BUG: Unable to open Stata 118 or 119 files saved in big-endian format that contain strL data
cmjcharlton opened this issue · comments
Pandas version checks
-
I have checked that this issue has not already been reported.
-
I have confirmed this bug exists on the latest version of pandas.
-
I have confirmed this bug exists on the main branch of pandas.
Reproducible Example
import pandas as pd
# Both of the following lines fail (the data files are provided in the issue description)
df = pd.read_stata("stata12_be_118.dta")
df = pd.read_stata("stata12_be_119.dta")
Issue Description
If I attempt to open a 118 format file saved in big-endian format that contains strL data I get the following error:
>>> import pandas as pd
>>> df = pd.read_stata("stata12_be_118.dta")

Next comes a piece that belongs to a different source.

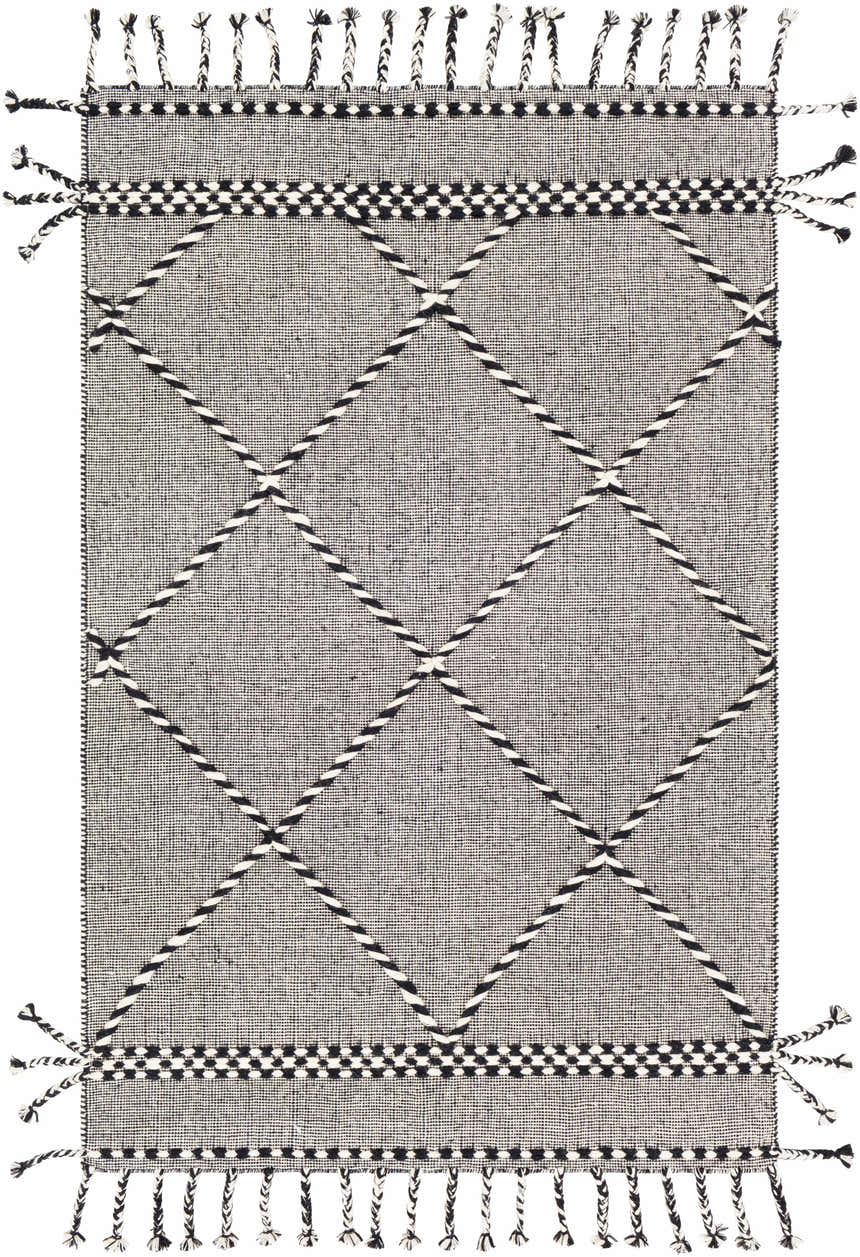 Close-up of the hand woven Ninderry Wool Area Rug. Black and cream rug with diamond pattern and tassels. Bohemian style. Design-Rectangle-576
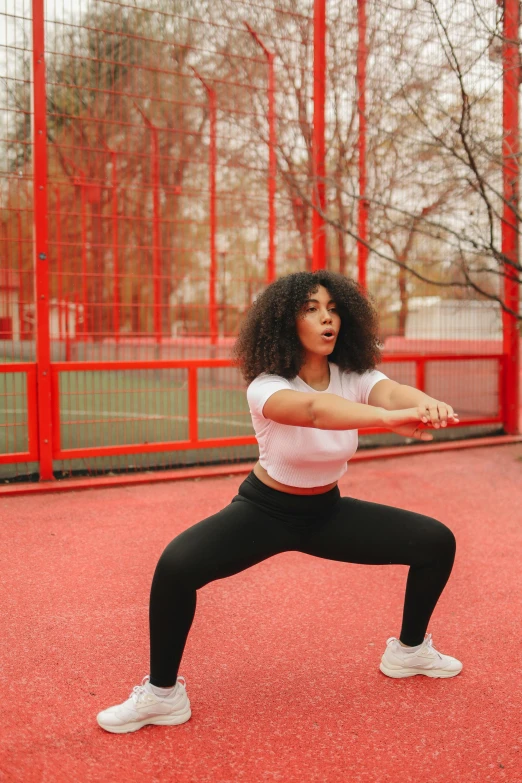 a woman standing on a tennis court holding a tennis racquet, an album cover, pexels contest winner, arabesque, squatting pose, curvy crossfit build, with afro, 15081959 21121991 01012000 4k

Traceback (most recent call last):
File "<stdin>", line 1, in <module>
File "C:\Program Files\Python312\Lib\site-packages\pandas\io\stata.py", line 2109, in read_stata
return reader.read()
^^^^^^^^^^^^^
File "C:\Program Files\Python312\Lib\site-packages\pandas\io\stata.py", line 1775, in read
data = self._insert_strls(data)
^^^^^^^^^^^^^^^^^^^^^^^^
File "C:\Program Files\Python312\Lib\site-packages\pandas\io\stata.py", line 1876, in _insert_strls
data.isetitem(i, [self.GSO[str(k)] for k in data.iloc[:, i]])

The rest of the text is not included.